The fact that you stated that you "believe in him" should be all he needs. He may want more but you don't need to give anything more until you see the results of recovery. Believing what he says is another matter.

It is easy for the us who are trying to recover from this addiction to feel we have done such a noble thing to begin the recovery process. What we need to realize is the time we have been separated ourselves from our spouses. That can't heal immediately.

Not sure if this was any help at all. I just want you to know that you are wonderful and amazing person to commit to stand by your man. He should be proud of you and extremely lucky. Not all spouses feel they can be this supportive.

Peace
 

aquarius25

Respected Member
I am in full agreement with all of the others who have posted! I got an STD check when I found out even though my husband swore he never sought sex in person with anyone else. The reality is that I did not trust him! He had been lying for over a decade, how can you trust that?!? If I did trust him then I would really need to question my grip on reality, LOL! My husband was "hurt that I didn't trust him" too. He was offended and embarrassed that I went and got check out but honestly if someone were to lie and and hide the truth from them for an extended period of time, they would not trust that person. The argument that they are "hurt that you don't trust them", I felt, was a manipulation. He was grasping at whatever he could so I wouldn't have to tell my doctor about this. It was forcing him to realize and confront the magnitude of what he had done. He was uncomfortable with that and rather that dealing with it at the time it was easier for him to try to shift the blame.

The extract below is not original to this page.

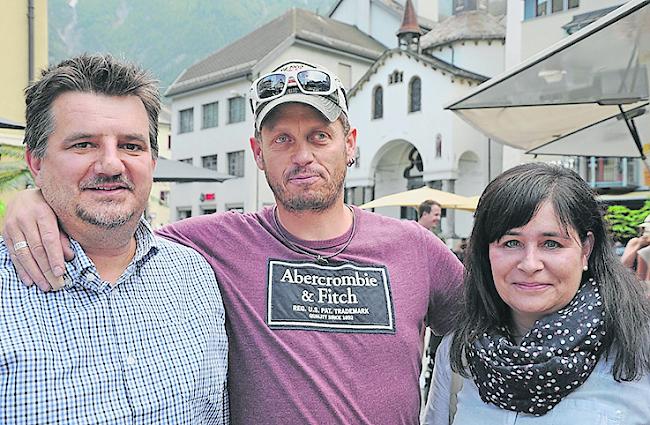 Michel Bittel (48) aus Visp, Rolf Roten (47) aus Brig-Glis und Gisela Bittel (45) aus Visp.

I truly believe that you can love him, but trust is earned. Trust is:
actions and words lining up (integrity)+ time (an extended period of time)= trust built.

That is the formula for trust that I have experienced. Anytime my husband starts in on a rant of me not trusting I would ask him...have you been displaying integrity for an extended period of time? It took a decade to break this trust, it can take just as long to rebuild it.